HHAHAHA that's so cool  good manners you have taught her there


----------



## MeanDonnaJean (Dec 3, 2011)

Annie said:


> Zoey may know how to lock herself in but sounds like she's too smart to do it!


I agree. Either that or she's just too darn lazy to and figures "ah, what the heck, I know MOM will do it for me"....just like my non-feathered kids used to do ;-)

Yep, I know, its my fault. I spoiled 'em ALL


----------



## MeanDonnaJean (Dec 3, 2011)

Codyandme1 said:


> good manners you have taught her there


Thank you kindly, but I wish I could take the credit. I think it was more like pure sheer luck that it happened that way. I DO work with her almost on a daily basis tho, and she really IS turnin' out to be a great student. 

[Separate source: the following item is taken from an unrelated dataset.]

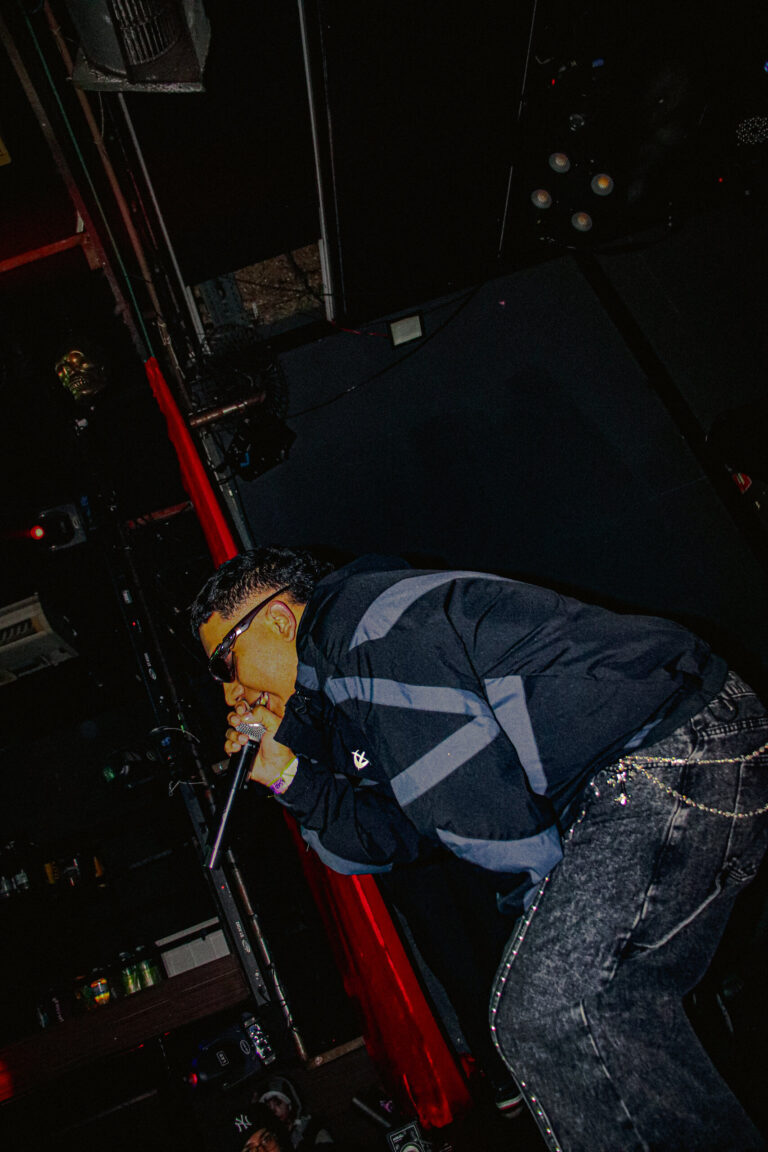 Rapper de óculos escuros e jaqueta jeans visto de cima — Sad Baile Joker, Halloween em São Paulo, 17/10/2026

Today we practiced the "turn around" trick for the very first time, and she did it **** near every time.

We're gonna work on recognizin' colors in the near future. I'm REAL excited about that one!


----------



## MeanDonnaJean (Dec 3, 2011)

Codyandme1 said:


> Yeah she! It's not very clear but she says it! Some females are great at talking but on the other hand some may never mutter a word. Try her and find out


I most certainly will! I'm lookin' very much forward to it.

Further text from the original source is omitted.